What’s the very first dish that you ever remember cooking?
It was probably a can of Chef Boyardee SpaghettiOs.
What do you remember about your very first night in a restaurant kitchen?
Probably how scared I was, in a professional kitchen, would probably be my first notion, and trying not to mess up, and learning the dishes, is what I remember about my first night.
Where was that at?
It was at my father’s restaurant. My dad was in the business. It was at a Holiday Inn probably when I was in ninth grade.
Was it a given that you would become a chef, or did you consider other careers?
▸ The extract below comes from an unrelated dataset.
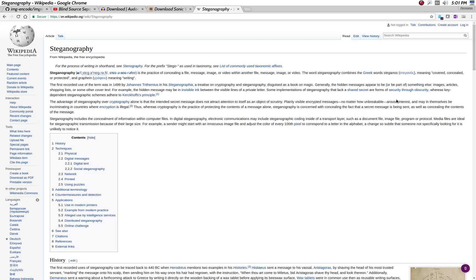Hello YouTube, this is Justin from StanleyPKs. Welcome to another tutorial. In this tutorial, I'm going to show you how you can hide images inside of other images. This is basically an introduction to steganography.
No, I was going to be a rock star. I loved playing guitar, still do, have a couple of bands, and still love playing. When there was a fork in the road, I thought I could eat better if I was a chef.
How do you think being a musician helps you as a chef?
I think it all ties in with the creativity. It’s all about feeding that creativity animal that’s in me that I love to tame.
What’s the last dish that you created, and what was your inspiration?
It’s the barbecue pork street tacos we’re doing with a little green verde sauce and a little cotija cheese, and smoked pepitas. It’s the dish I’m doing today.
What inspired that dish?
How much people enjoy it at an event like this. Picking up and wrapping it in a corn tortilla.
Is there anything that you don’t enjoy eating?
I don’t like calf brains. They make me throw up.
That seems like something that you could easily avoid.